# [Exercise prompt]
Set out exactly every line of the entries below, starting at the line that holds "Glenda Text effect" and stopping after the line that holds "Delock SATA 22".

Segment Start: Entries provided

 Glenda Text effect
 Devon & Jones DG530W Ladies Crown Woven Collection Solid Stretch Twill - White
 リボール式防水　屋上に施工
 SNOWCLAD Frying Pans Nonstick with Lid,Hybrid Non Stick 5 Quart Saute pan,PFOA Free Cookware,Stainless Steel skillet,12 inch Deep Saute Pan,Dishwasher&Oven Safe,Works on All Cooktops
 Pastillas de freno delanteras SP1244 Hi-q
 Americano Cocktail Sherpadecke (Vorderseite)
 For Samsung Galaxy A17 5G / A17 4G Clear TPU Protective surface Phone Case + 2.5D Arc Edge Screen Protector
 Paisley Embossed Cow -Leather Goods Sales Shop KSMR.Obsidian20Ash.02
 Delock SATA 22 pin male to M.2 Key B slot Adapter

Segment End: Entries provided
Segment Start: Entries provided

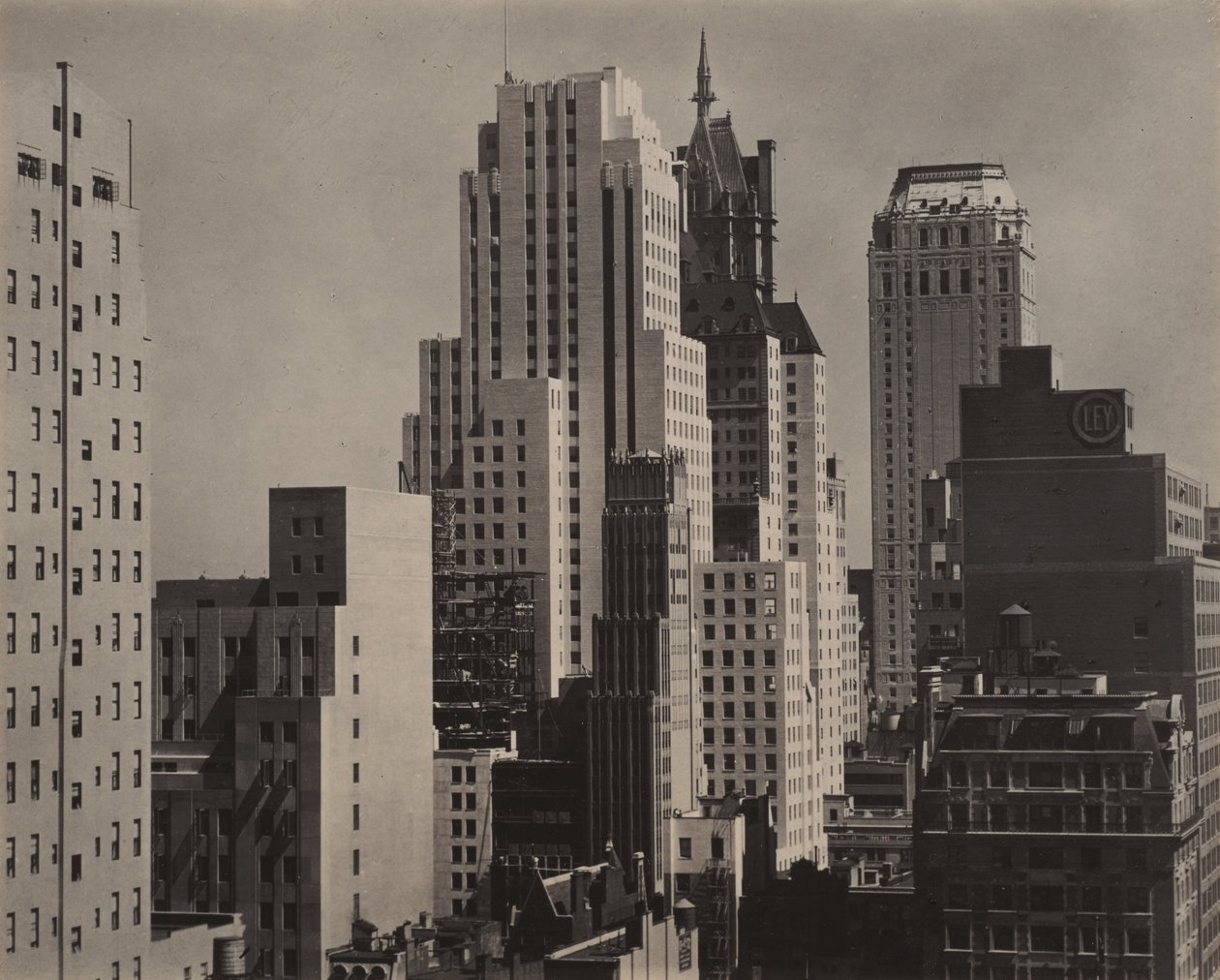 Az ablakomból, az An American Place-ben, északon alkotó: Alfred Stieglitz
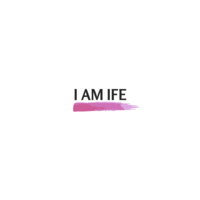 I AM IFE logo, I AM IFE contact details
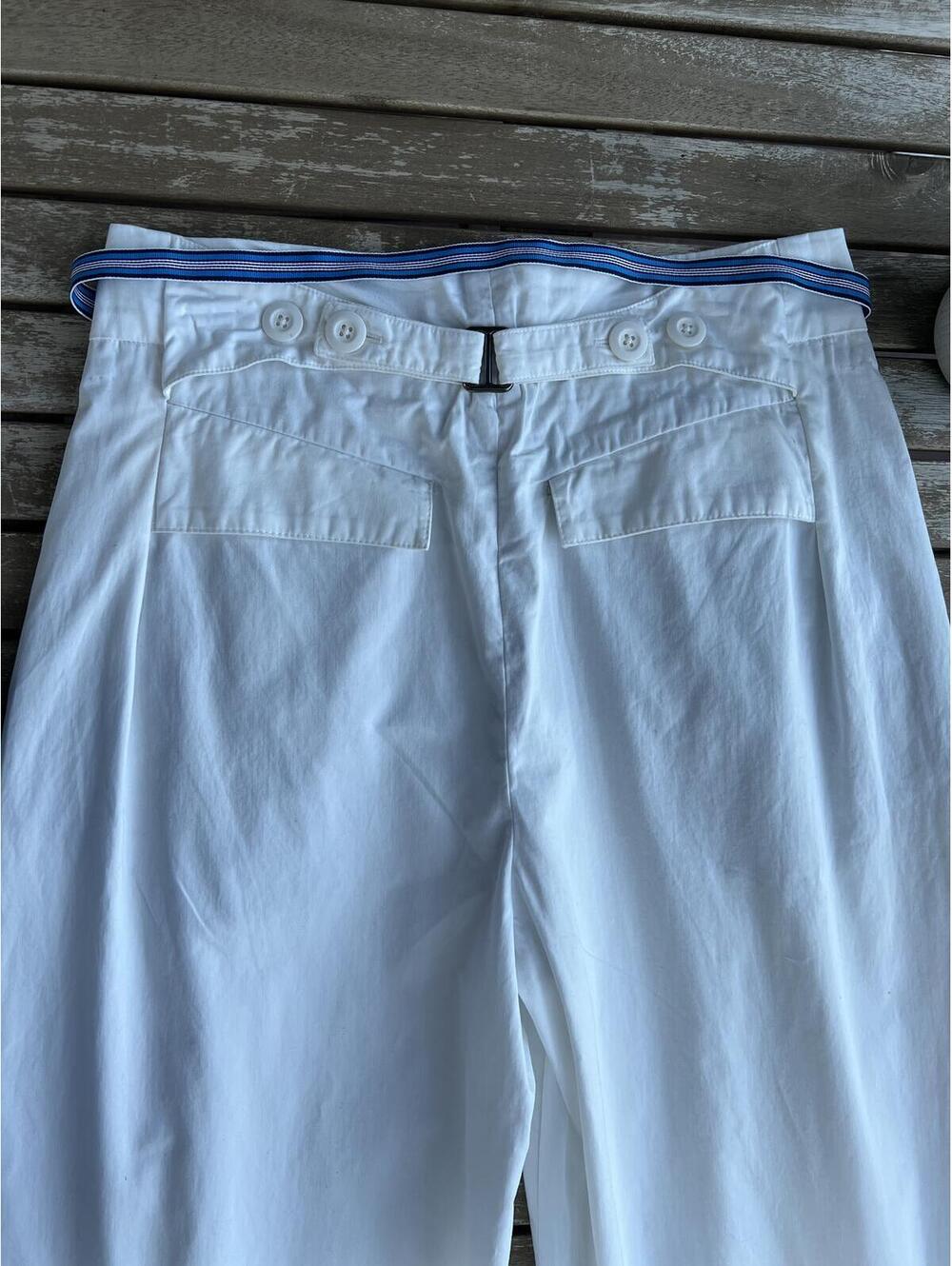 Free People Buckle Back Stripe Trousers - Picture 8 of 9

Segment End: Entries provided

# [Answer space]
 Glenda Text effect
 Devon & Jones DG530W Ladies Crown Woven Collection Solid Stretch Twill - White
 リボール式防水　屋上に施工
 SNOWCLAD Frying Pans Nonstick with Lid,Hybrid Non Stick 5 Quart Saute pan,PFOA Free Cookware,Stainless Steel skillet,12 inch Deep Saute Pan,Dishwasher&Oven Safe,Works on All Cooktops
 Pastillas de freno delanteras SP1244 Hi-q
 Americano Cocktail Sherpadecke (Vorderseite)
 For Samsung Galaxy A17 5G / A17 4G Clear TPU Protective surface Phone Case + 2.5D Arc Edge Screen Protector
 Paisley Embossed Cow -Leather Goods Sales Shop KSMR.Obsidian20Ash.02
 Delock SATA 22 pin male to M.2 Key B slot Adapter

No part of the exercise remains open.